Three-dimensional (3D) printed mortar, represents an innovative approach to construction, utilizing additive manufacturing techniques, distinct from traditional reinforced concrete (RC) formwork methods. In this study, chopped basalt fibers, each 6 mm in length, were added to the mortar at different volume ratios (2.5 ‰, 5 ‰, 7.5 ‰, and 10 ‰). The printable properties of basalt fiber-reinforced cement mortar (BFRCM), such as the extrudability, fluidity, setting time, and buildability, were evaluated to determine the optimal mix for 3D printing applications. The compressive and flexural strengths of 3D-printed anisotropic specimens with those of mold-cast specimens after 28 days of wet curing were compared. Additionally, the dynamic mechanical properties under various impact conditions were assessed using both the drop-weight impact test and the stress reversal split Hopkinson pressure bar (SRSHPB) test. The findings revealed that a fiber ratio of 7.5 vol‰ resulted in the highest compressive and flexural strengths.
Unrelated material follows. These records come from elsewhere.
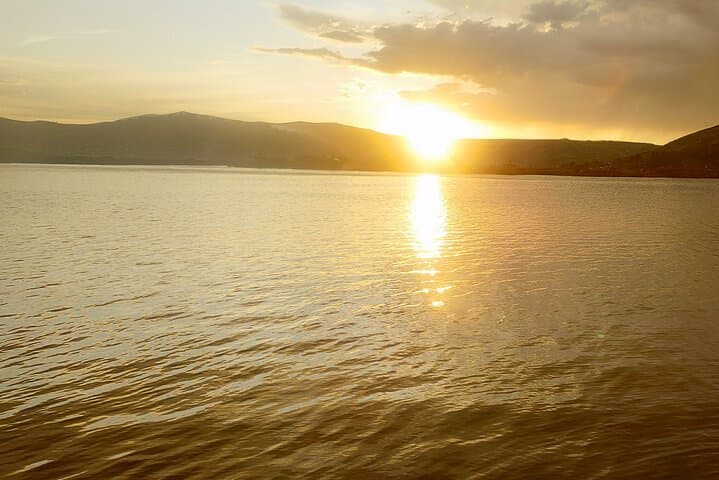 Sunrise Kayak on Lake Titicaca: Uros Islands Paddle at Dawn photo 3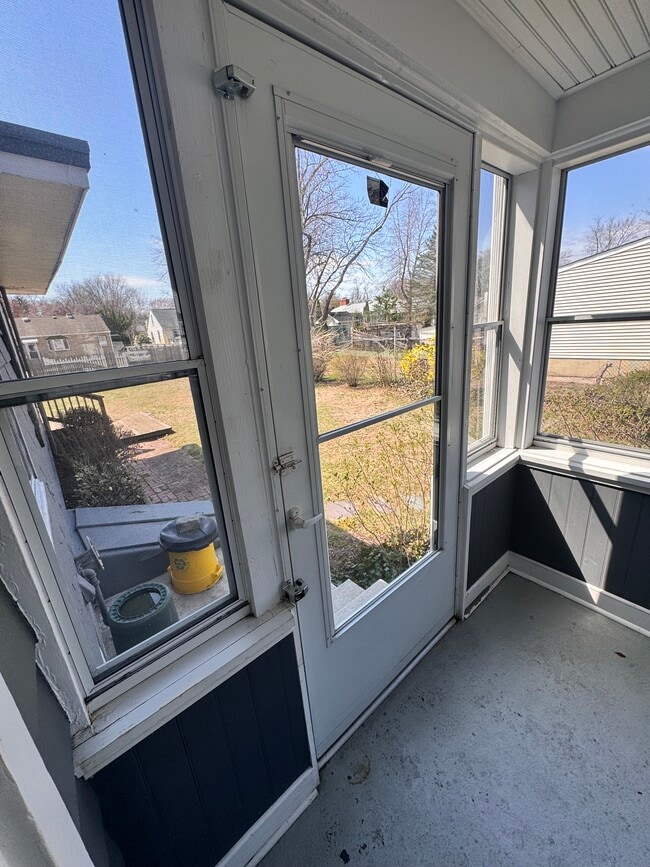 Photo - 127 Bentley Ave Unit Studio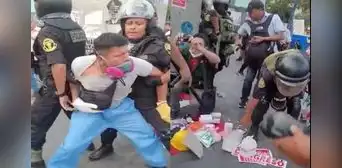 Centro de Lima: policías retienen a equipo de brigadistas de salud y les quitan sus pertenencias Centro de Lima: policías retienen a equipo de brigadistas de salud y les quitan sus pertenencias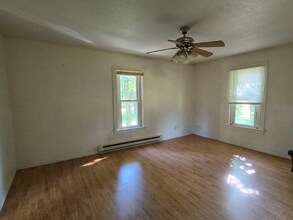 Building Photo - 4893 Cambria Rd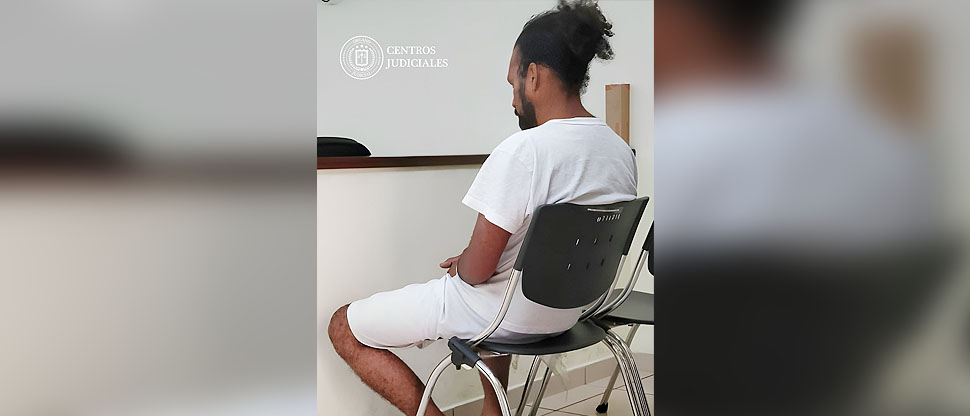 Sujeto enfrenta a la justicia por amenazar a una mujer con un tubo de hierro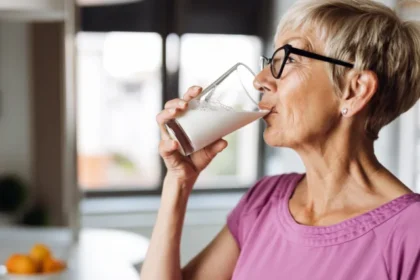 woman drinking milk أفضل 5 مشروبات لمنع هشاشة العظام مجلة نقطة العلمية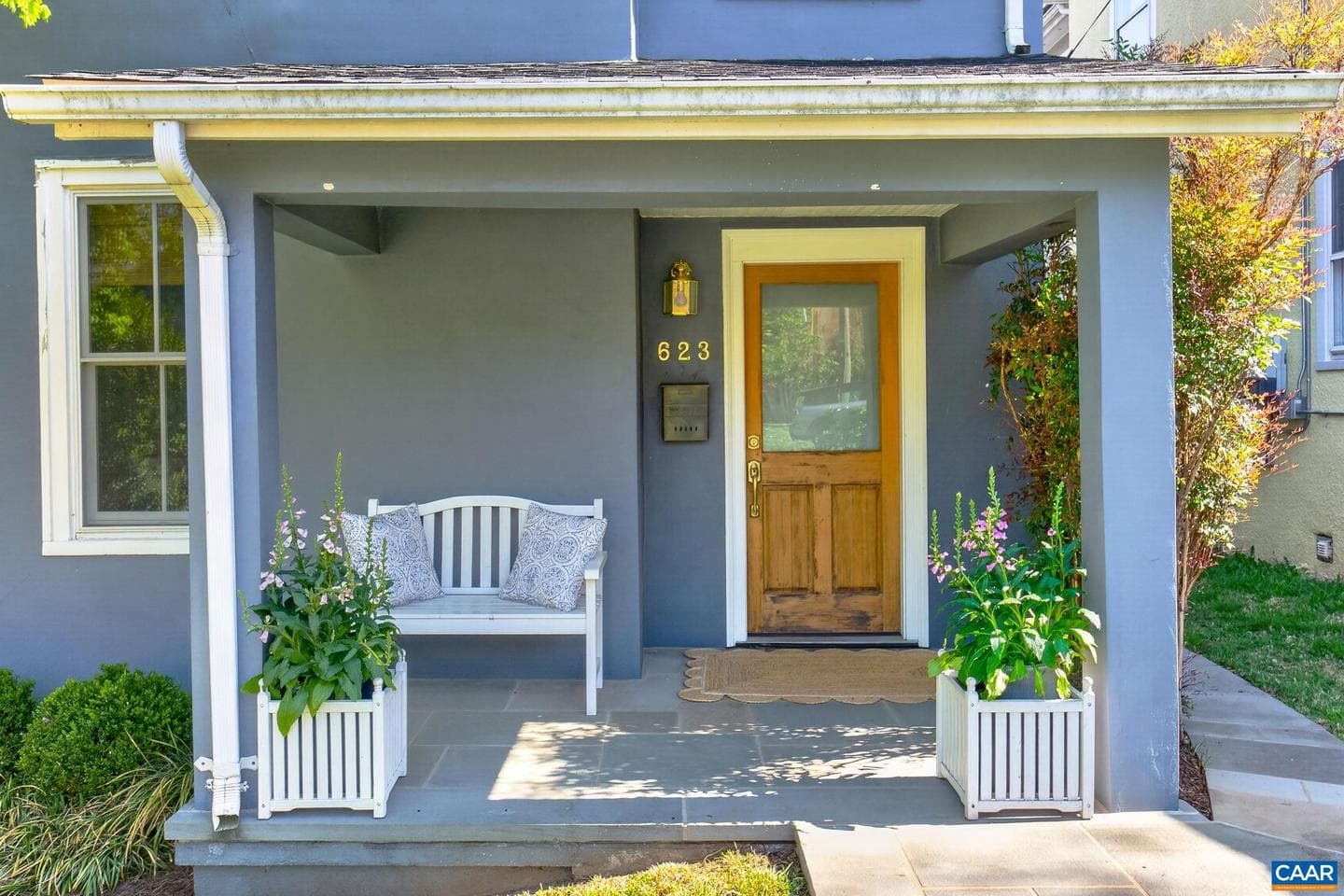 623 Hinton Ave photo 3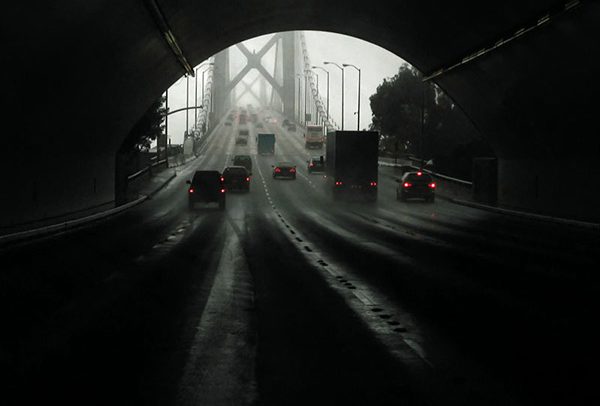 Al fondo, puente de la bahía de San Francisco. Foto: ah zut (CC BY-NC-ND 2.0)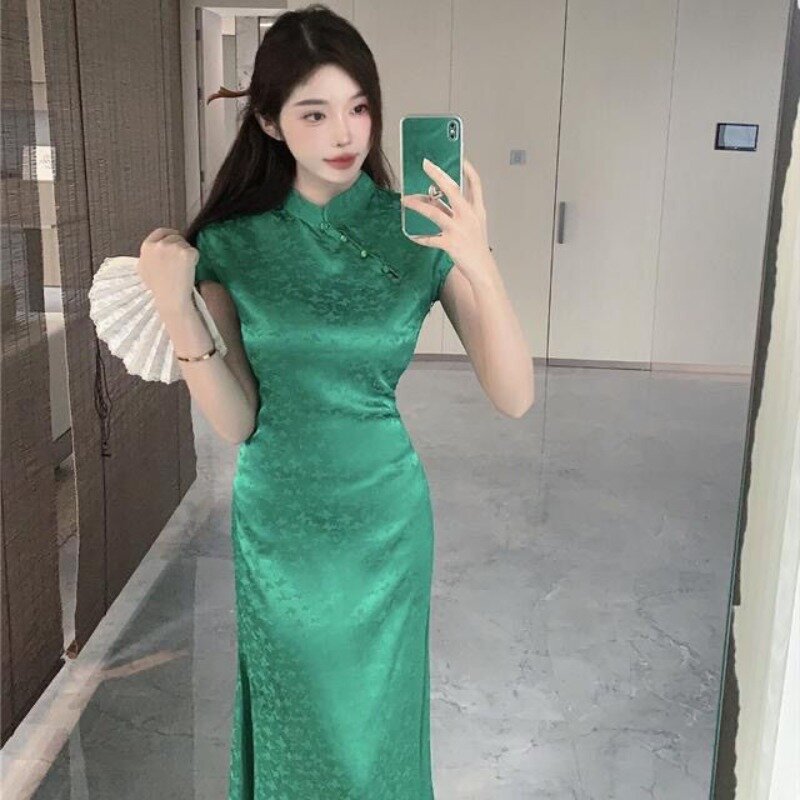 New Chinese Retro Silky Satin High Sense Cheongsam Slim Waist  Hip Slim Dress with Long Skirt  Cheongsam Sexy  Chinese Dress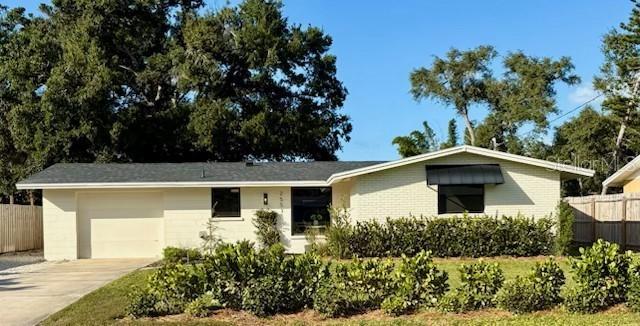2551 Aspinwall St., Sarasota, FL 34237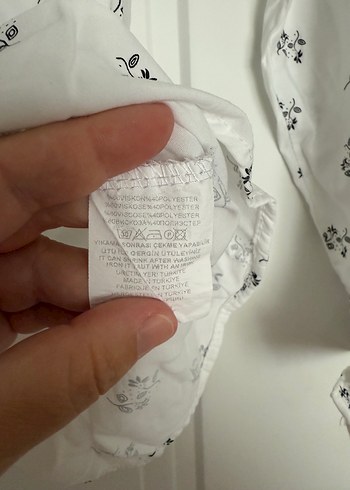 Armine Düğmeli, baskılı, uzun kollu beyaz pamuklu gömlek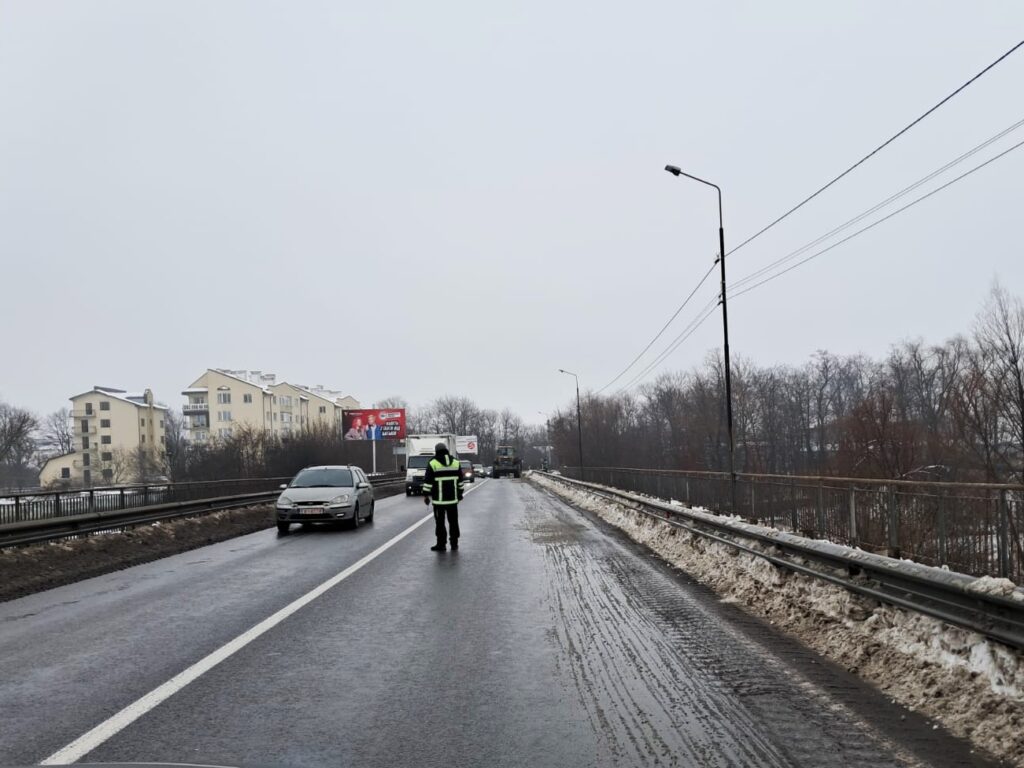 Як на Івано-Франківщині дорожники ліквідовують наслідки негоди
It is noteworthy that the anisotropic mechanical properties of the 3D-printed specimens exhibited a considerable enhancement in strength in the load direction perpendicular to the printing side. However, the results of the dynamic strength tests revealed that the interlayer adhesion at the printing interfaces of the 3D-printed specimens was weaker than that of the mold-cast specimens in both the drop-weight impact test and the SRSHPB test.